San
Finna N°419 du
25 Juin au 01 Juillet 2007 "Il
n'est de Liberté qu'en dehors de l'Abus mais
il n'est de Liberté sans capacité de refus"
AFFAIRE
DES INFIRMIERES ET DU MEDECIN BULGARES
QUAND L’UNION EUROPEENNE FAIT DU MARCHANDAGE AVEC
LE DROIT
Le
monde est à peine remis de la transaction scandaleuse
qu’ont réalisé de grandes puissances
comme les USA, la Grande-Bretagne.. , avec la Libye pour
avoir, contre l’abandon des poursuites dans des
dossiers de terrorisme, des espèces sonnantes et
trébuchantes au profit des familles des victimes,
que déjà, un autre scandale du même
type se profile à l’horizon.
Devant les menaces émaillées de suspense
politico-judiciaires que joue depuis plusieurs années
la Libye, à la communauté internationale
au sujet des infirmières bulgares et du docteur
palestinien (ayant acquis depuis peu la nationalité
bulgare), l’Union européenne vient à
son tour d’adhérer à un marchandage
digne de tapissiers pour offrir 14 millions de dollars
pour les ayants droits de chaque victimes afin que la
justice libyenne daigne épargner la vie des accusés,
prisonniers depuis 8 ans, qui ont subi des tortures sans
jamais reconnaître leur culpabilité.
Pourtant, c’est la même Union européenne
qui estimait, il n’y a pas longtemps encore, qu’il
ne fallait pas céder au chantage libyen : «
L'UE, qui estime que les infirmières sont innocentes,
a indiqué à maintes reprises son opposition
au chantage et au versement de compensations aux familles,
mais a accordé son appui à un "Fonds
spécial d'aide" qui servirait entre autres
au traitement gratuit des malades » (in Le Nouvel
Observateur du 22 juin 2007).
Eh bien, le fonds finalement, risque de servir à
autre chose, et en l’occurrence à verser
des compensations aux familles.
C’est vrai que ces infirmières et ce docteur
sont la mauvaise conscience du monde et qu’il faut
avoir le cœur bien sec pour se montrer chiche en
efforts pour les libérer. Mais était-ce
la seule façon d’arriver à ce résultat
?
La communauté internationale ne pouvait-elle pas
atteindre le même but aux mêmes fins en s’efforçant
de préserver les fondements sur lesquels elle repose
et les principes généraux qui gouvernent
les sociétés réellement soumises
au droit ?
Il est difficile d’imaginer qu’avec toute
la puissance de frappe, de dissuasion dont disposent les
Etats qui composent l’Union européenne et
leurs alliés, il n’ait pas été
possible d’adresser des mises en garde sérieuses
qui convainquent la Libye du Colonel Kadhafi qu’il
est une ligne qu’il ne faut pas franchir sans conséquences
graves pour elle. Si les Alliés ont pu vaincre
les forces allemandes et nippones en 1945, on a peine
à croire qu’elles ne puissent pas en faire
de même vis-à-vis de la Jamahiriya libyenne.

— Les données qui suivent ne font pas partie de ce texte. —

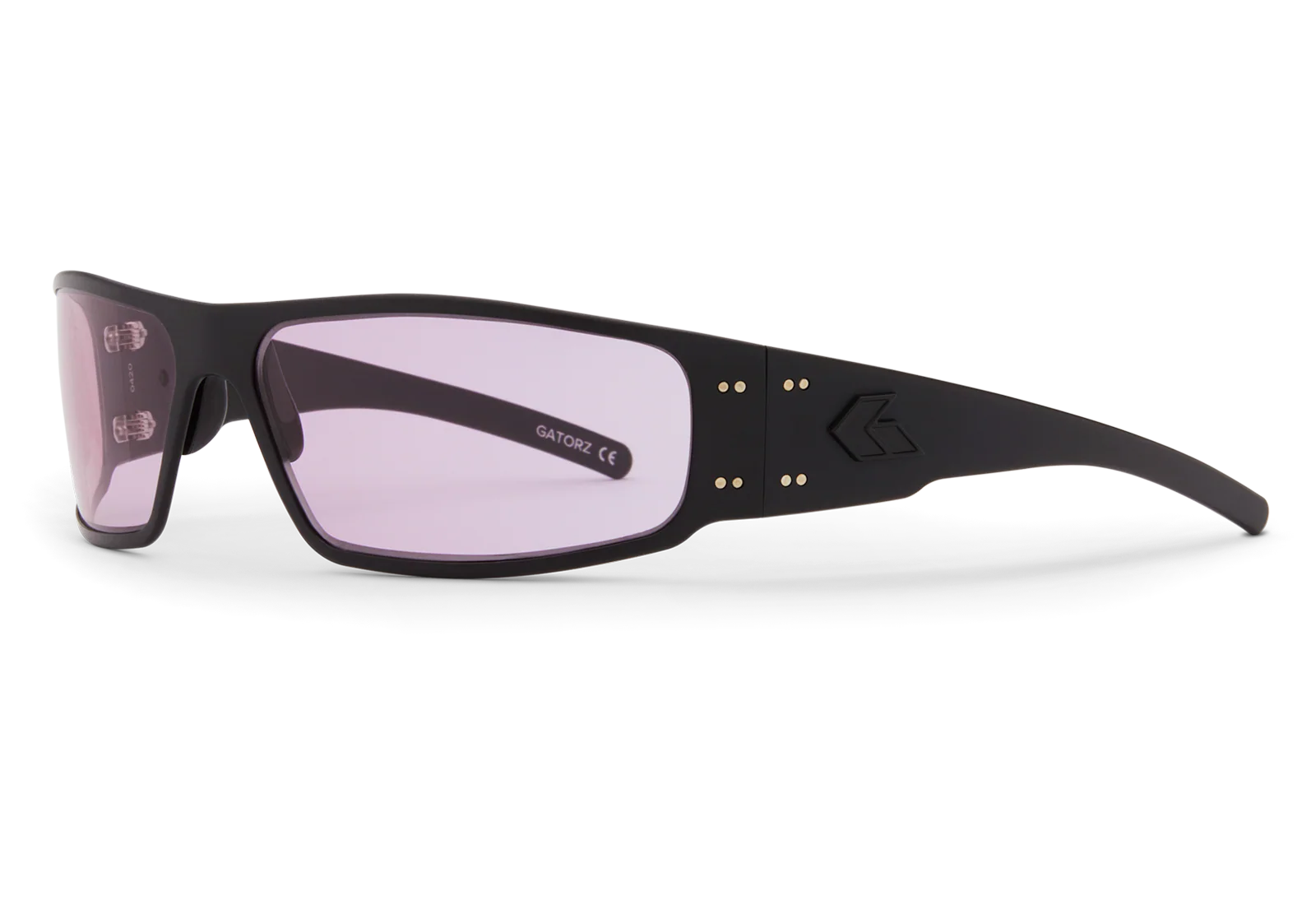 Product image 91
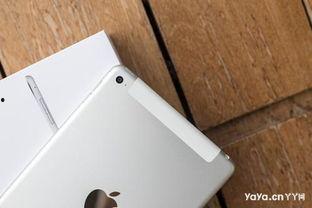 最新苹果爆料平板是哪款,神秘平板新品即将亮相，颠覆市场格局！”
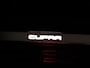 CUPRA Leon 1.4 e-Hybrid Business | Panodak | ACC | Navi | Stoelverwarming | PDC Achter |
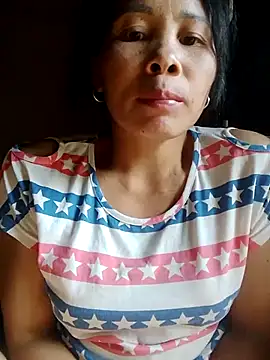 Ana_hoa webcam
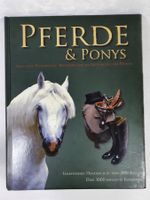 Pferde-Enzyklopädie - Debby Sly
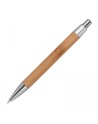 Długopis bambusowy GERHARD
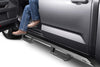 EPYX CrewMax Textured Black — 2022 Toyota Tundra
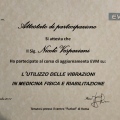 Ingrandire l'immagine: certificate 3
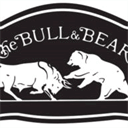 bullbearbursa.com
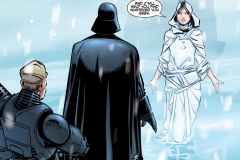Star Wars - Darth Vader and the Lost Command 001-024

Si donc on a fait bon marché du droit en se drapant
du manteau de sauveteur de la vie des prisonniers, c’est
peut-être parce qu’il y avait des raisons
moins désintéressées, des raisons
que connaissait parfaitement le colonel Kadhafi et qui
alors a pris tout son temps pour les éprouver.
Comment alors ne pas penser à tous ces contrats
juteux en matière énergétique, de
grands travaux, de prestations de services comme en matière
aéronautique ? Dans la course mondiale que se livrent
Airbus et Boeing, il y a encore plus de motivations à
donner du lest aux principes.
Voilà qui n’est pas très honorable
pour le leadership mondial à un moment où
l’on parle de moralisation de la vie publique internationale.